Pro Keystone XL talking point takes a burst of friendly fire
State Department environmental report is facing increased scrutiny from allies within the Obama administration.
WASHINGTON — Canada’s ambassador to the US likes to joke that he walks around Washington carrying a copy of the State Department environmental report on the Keystone XL pipeline tucked in his jacket pocket.
That’s how critical that document has been to the pipeline cause. Proponents from ambassador Gary Doer, to members of the Harper cabinet, industry players, and pro-oil lawmakers have repeatedly quoted it as a talking point.
Its basic conclusion became their mantra: Canadian oil production is destined to keep growing, so might as well build a pipeline, which is safer and cleaner than shipping by rail.
That document, however, is now being punctured by bursts of friendly fire. It’s coming from within the Obama administration, striking parts of its own report.
President Barack Obama routinely dismisses one finding that oil from the pipeline would likely be used in the US. Obama has taken to deriding the project as an export route through America, not to America.
An even more fundamental finding of the report is now being challenged from within the administration. The Environmental Protection Agency has questioned the inevitability of oil sands expansion.
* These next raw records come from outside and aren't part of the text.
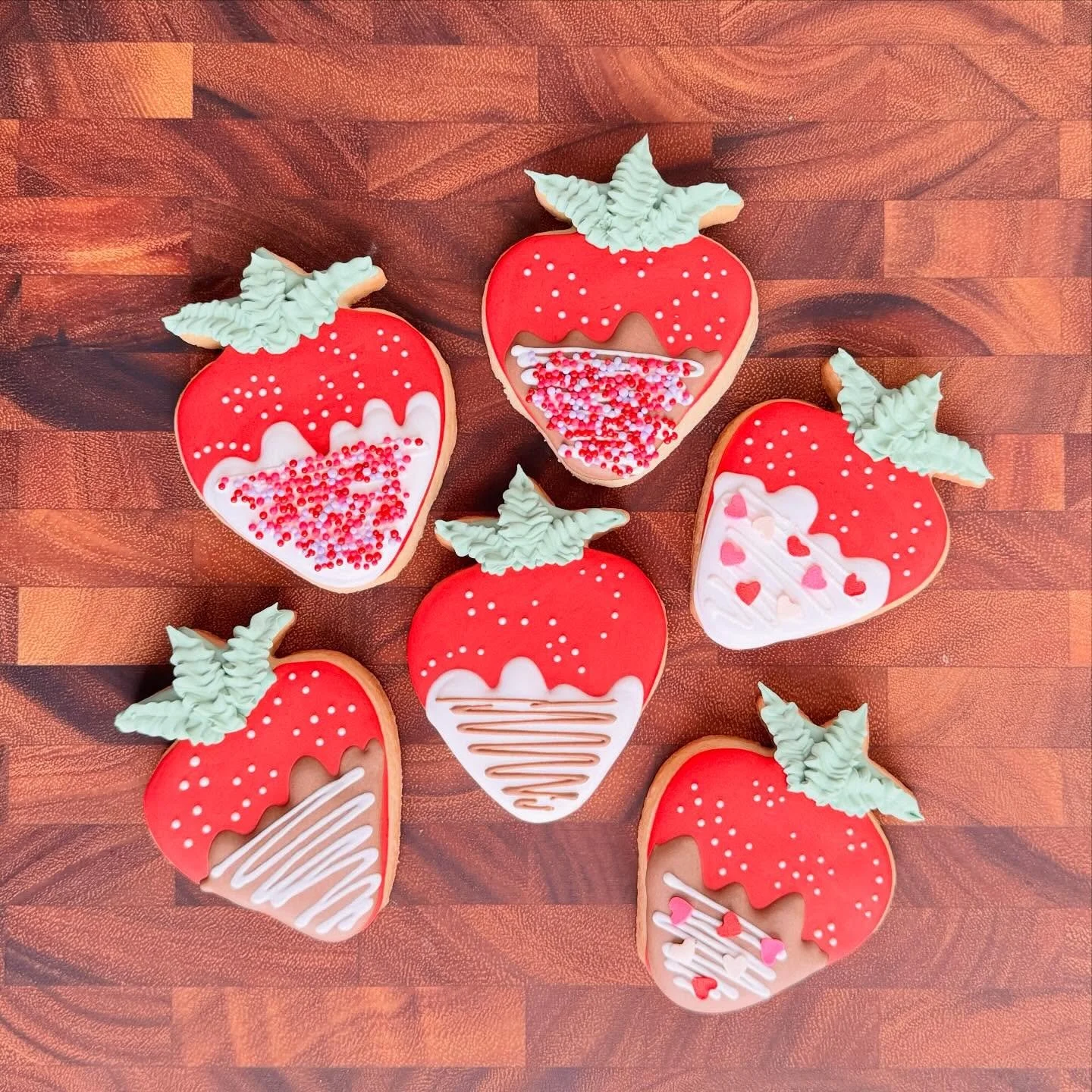 Chocolate dipped strawberries anyone??

Just kidding! They&rsquo;re cookies!
Aren&rsquo;t they adorable!??

Six cookies packed in a gift box, wrapped and ready to gift $20

Message me to order!

#saltedsweetsbykeely
#woodstockgabaker
#localcookier
#f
It suggests the current projection is out of date, because the price of oil has plunged since the State Department issued its report last year.
“It is important to revisit these conclusions,” says an EPA letter sent this week to the State Department and released Wednesday.
“Given recent large declines in oil prices and the uncertainty of oil price projections, the additional low price scenario included in the (State report) should be given additional weight during decision making, due to the potential implications of lower oil prices on project impacts, especially greenhouse gas emissions.”
The State Department’s report had concluded that the Canadian oil sands would keep growing at a similar pace, unless the long-term oil price fell under the $65-$75 range and no other pipelines got built.
One year later, oil is at $50 a barrel and no other pipelines have yet been built.
The State Department is now in the final stages of preparing its long-awaited, oft-delayed review of the project, and gathering input from other agencies including the EPA.
It will soon make a recommendation to the president, and he’ll make the final call.
At the same time, there are plans within Congress to force Obama’s hand. So far, Obama has signalled he intends to veto bills that would circumvent his authority on cross-border infrastructure.
Obama has said his decision will be guided by climate change – and whether or not the project would increase greenhouse gases.
In its letter this week, the EPA compares the carbon emissions from the pipeline’s maximum capacity of 830,000 barrels per day to 5.7 million new passenger vehicles on the road.
Environmental groups celebrated the letter’s release Feb. 3.
“The president’s got every nail he needs to finally close the coffin on this boondoggle,” said Bill McKibben, head of anti-pipeline group 350.org.
In its response, pipeline company TransCanada Corp. said Canadian oil exports had gone up over the years, its carbon emissions per barrel had gone down, and it noted that oil sent through the pipeline to US refineries would displace crude from Venezuela, which in some cases produces higher greenhouse gases.